Go has basic support for managing byte streams. The interface Conn has methods

func (c Conn) Read(b []byte) (n int, err os.Error)
func (c Conn) Write(b []byte) (n int, err os.Error)

and these methods are implemented by TCPConn and UDPConn.

Character Format

In this mode, everything is sent as characters if possible. For example, an integer 234 would be sent as, say, the three characters ‘2’, ‘3’ and ‘4’ instead of the one byte 234. Data that is inherently binary may be base64 encoded to change it into a 7-bit format and then sent as ASCII characters, as discussed in the previous chapter.

In character format,

A message is a sequence of one or more lines
The start of the first line of the message is typically a word that represents the message type.
String handling functions may be used to decode the message type and data.
The rest of the first line and successive lines contain the data.
Line-oriented functions and line-oriented conventions are used to manage this.

Pseudocode is

handleClient() {
    line = conn.readLine()
    if (line.startsWith(...) {
        ...
    } else if (line.startsWith(...) {
        ...
    }
}

Character formats are easier to setup and easier to debug. For example, you can use telnet to connect to a server on any port, and send client requests to that server. It isn’t so easy the other way, but you can use tools like tcpdump to snoop on TCP traffic and see immediately what clients are sending to servers.

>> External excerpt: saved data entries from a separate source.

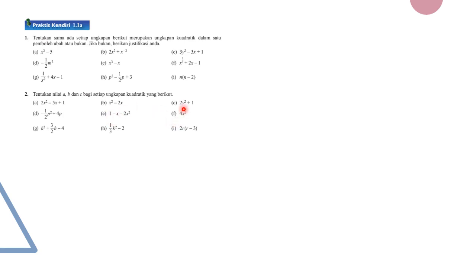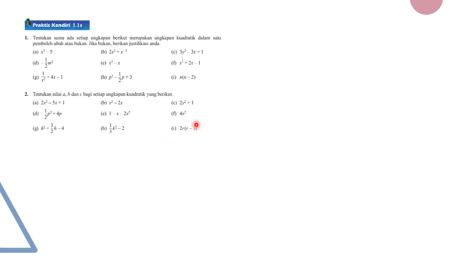For part F, the coefficient of x² is 4. For part G, with variable h: a = 1, b = 3/2, c = −4. For part H, with variable k: a = 1/3, b = 0, c = −2. For part I, expanding 2r(r − 3) gives 2r² − 6r, so a = 2, b = −6, and c = 0.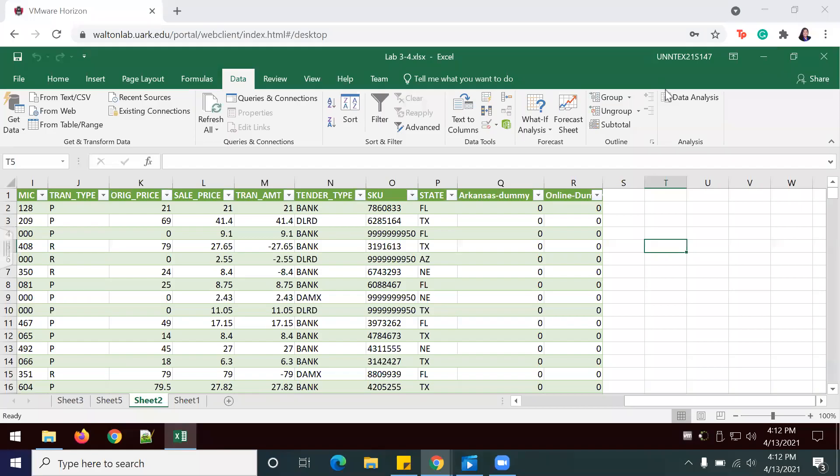Now we're going to complete Lab 3.5, which is a continuation of Lab 3.4's document. This time we're looking to answer the question: did customers who charged their purchases to a Dillard's credit card spend more on each transaction during the time period of September 1, 2016 to September 15, 2016?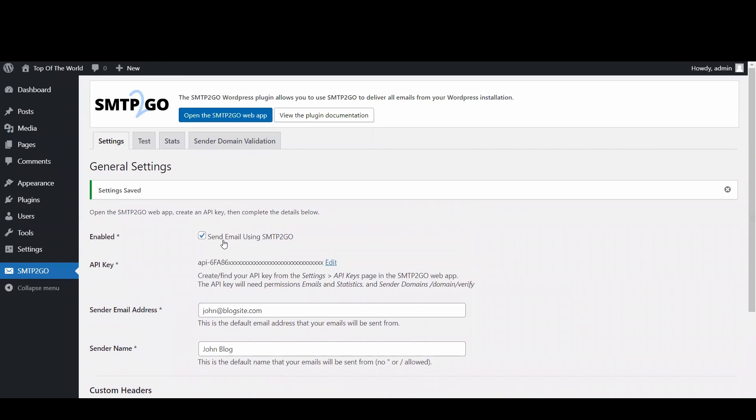When you see a settings saved notification, you'll have successfully set up your WordPress site to send through your SMTP2Go account.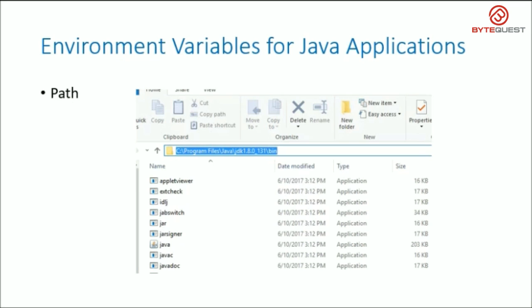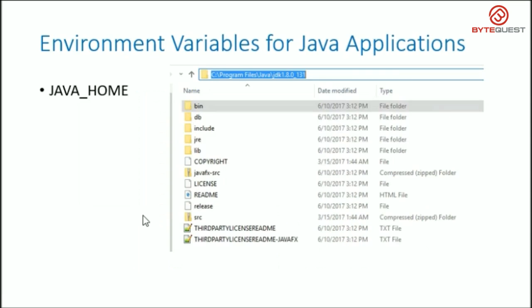The executable files for Java compiler javac.exe and Java runtime java.exe are located in the JDK's bin directory. So we need to include JDK's bin directory in our path environment variable. Many Java-based applications need to know where the JDK is installed. The JAVA_HOME environment variable holds the location of the JDK installation directory.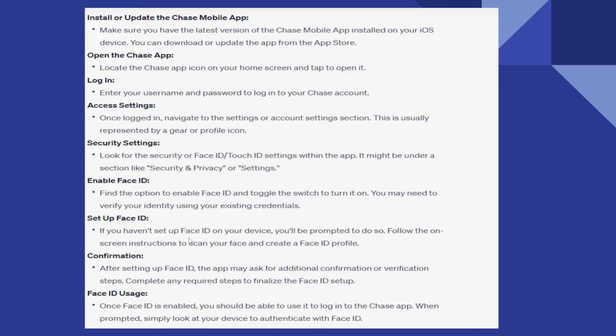If you haven't set up Face ID on your device, you will be prompted to do so. Follow the on-screen instructions to scan your face and create a Face ID profile.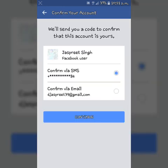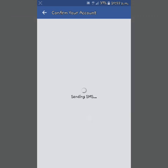Now you have two options to confirm your Facebook account. You can send an SMS to your phone number to confirm your account, or you can send an email to your email address to confirm your account. After selecting these options, click continue.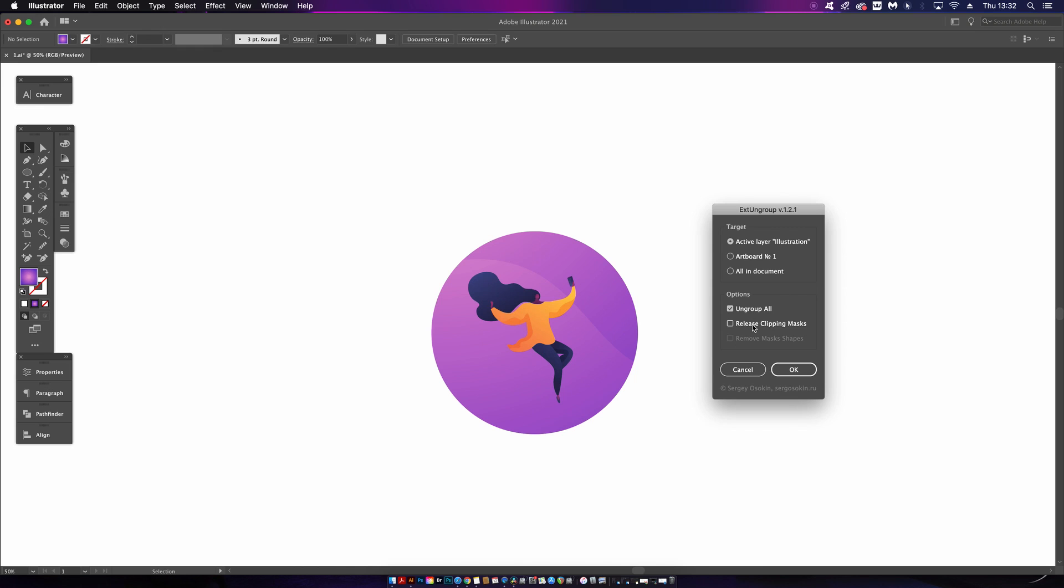This next script is great for all of these annoying times when you have many groups or clipping masks on your designs and you might want to be more precise with your workflow. For example, here I have this illustration of a woman that is grouped together.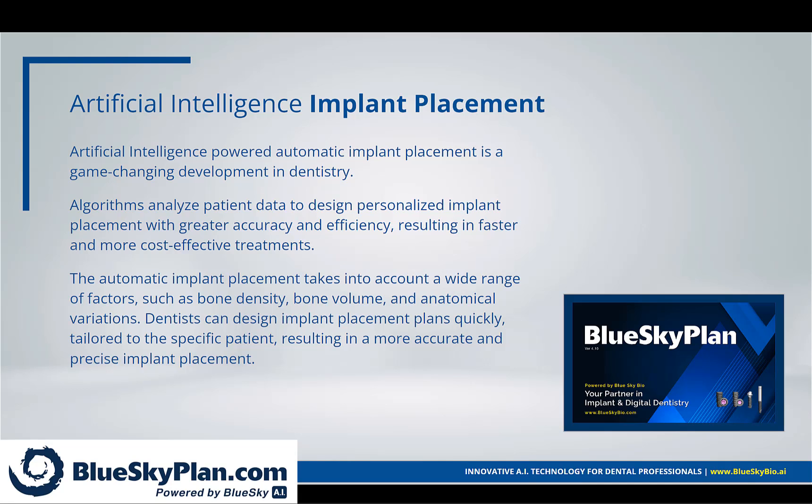The automatic implant placement takes into account a wide range of factors such as bone density, bone volume, and anatomical variations. Dentists can design implant placement plans quickly, tailored to the specific patient, resulting in more accurate and precise implant placement.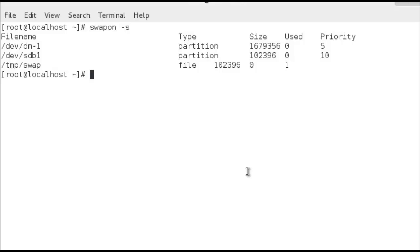We've looked at planning our swap file and managing swap on a Linux machine. The commands are pretty much the same across all Linux distributions — we happen to be using Red Hat here, but it would be the same on Ubuntu, SUSE, or Debian servers. Thank you very much for watching, and I do hope to see you back on the Urban Penguin channel very soon.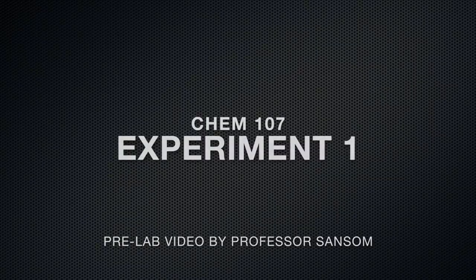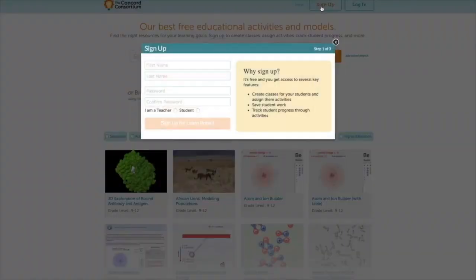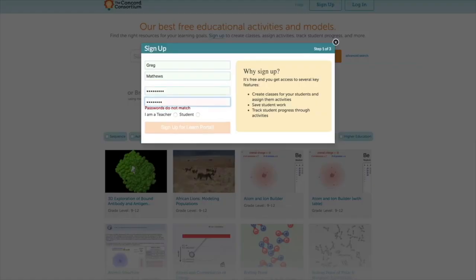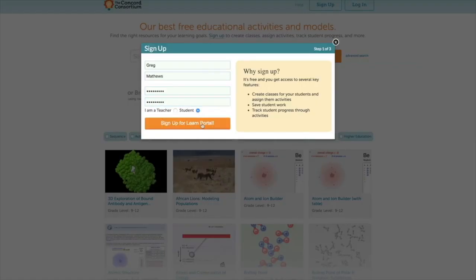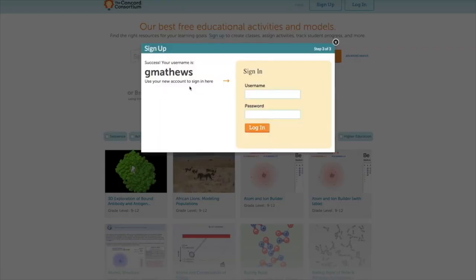In Part 2, you'll be doing Beer's Law with a spectrometer. To begin in Part 1, you'll need to make an online account at learn.concord.org. When you get to that website, click on Sign Up, then type in your name and your password that you've chosen, and select Student. Then click on Sign Up for Learn Portal. When you get to the next screen, enter the class code, which is CHEM107. After you've done that, it'll give you a username. Make sure you write that down in your lab manual.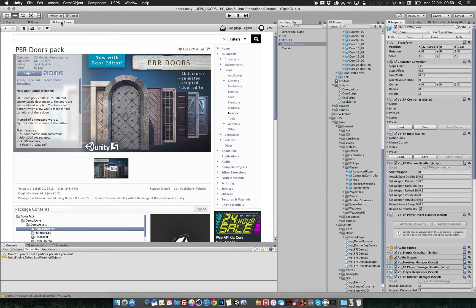Hey guys, welcome to this quick tutorial. This tutorial will cover how to use the PBR door pack by NotLonely with UFPS. Now I know that UFPS has a way of dealing with doors, but honestly I don't like it. I truly adore the way UFPS works, but their door system is something I simply don't understand why they do it like this. I know it's flexible and has things for waypoints and stuff, but a simple door is a simple door.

There is not the same level of support in Go for managing character streams. There are significant issues with character sets and character encodings, and we will explore these issues in a later chapter.

If we just pretend everything is ASCII, like it was once upon a time, then character formats are quite straightforward to deal with. The principal complication at this level is the varying status of “newline” across different operating systems. Unix uses the single character "\n". Windows and others (more correctly) use the pair "\r\n". On the internet, the pair "\r\n" is most common - Unix systems just need to take care that they don’t assume "\n".